I need help deciding between 3 setups one if the premium or ultimate getting the Ultra Towers as mains and Ultra Bookshelfs I have go to rear surround, the budget option prime bookshelfs as rear surrounds UBs stay as mains or the middleground just getting a 2nd pair of Ultra bookshelfs for rear surround keeping the main 7 channels all ultra. Eventually plan to add either a 2nd Pb-2000 but the pro model or dual pros with current as a third sub. I will put pics of current setup below, first time poster hello all.


----------



## BP1Fanatic (Mar 28, 2011)

Fix your wiring guy! I vote all the same speaker route.


----------



## John 2031 (Mar 2, 2015)

I have 6 Ultra BSs, FL,FR, SSs, RSs, with the Ultra center in my tiny HT area... you can guess how I'd vote.

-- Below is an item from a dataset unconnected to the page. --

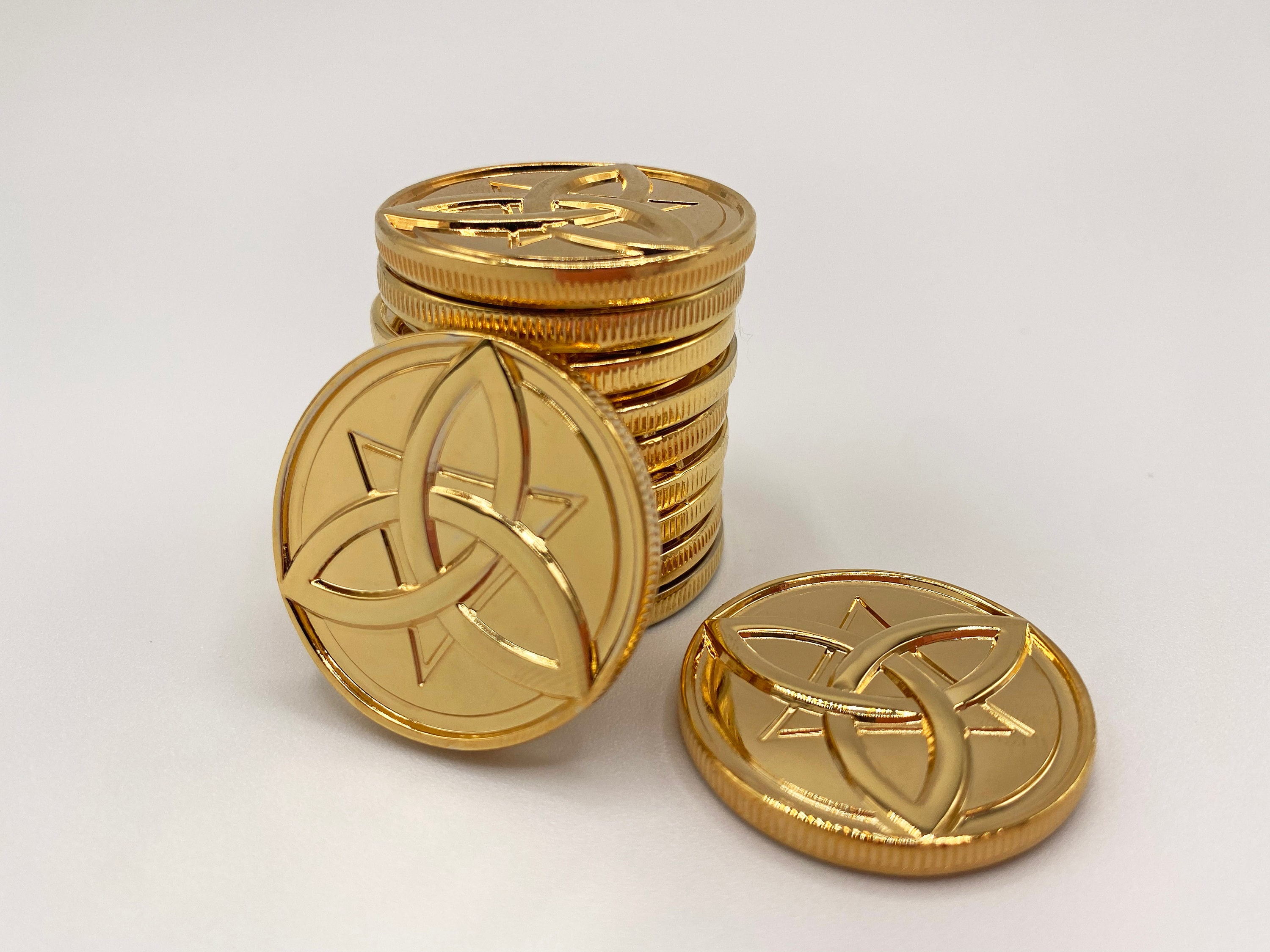 3D Printable Empire Coins - Copper, Silver, Gold by Props&Beyond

I have 2 Prime Elevations for the front height speakers that I need to install to replace some old Polks.


----------



## jordan56 (Jan 19, 2020)

John 2031 said:


> I have 6 Ultra BSs, FL,FR, SSs, RSs, with the Ultra center in my tiny HT area... you can guess how I'd vote. I have 2 Prime Elevations for the front height speakers that I need to install to replace some old Polks.


I went with the Ultra Bookshelfs Ill post some pics tomorrow. I love them would have got them as side surround to but after having a klipsch bookshelf and tower there I was actually relived for something less quiet lol. But no the system just sings now! Also ended up ordering an SB-4000 I felt some midbass was missing from not getting the towers so wanted to try sealed, plus I thought it would look better and I love it! Cant wait to get a 2nd one or a 16Ultra if in outlet for duals!.Thanks again guys Ill post some new pics sson.


----------



## jordan56 (Jan 19, 2020)

Oh and I actually will be spending probably next weekend on the wiring anyone have any reccomendations for the ceiling wire? I do have those wire runners for the floor.


----------



## BP1Fanatic (Mar 28, 2011)

I got these stick on wire runners from Home Depot. I should have bought a bigger diameter for 12 gauge wire. It's a tight fit with 1/2" piping.


----------



## BP1Fanatic (Mar 28, 2011)

I cleaned up the floor wiring.


----------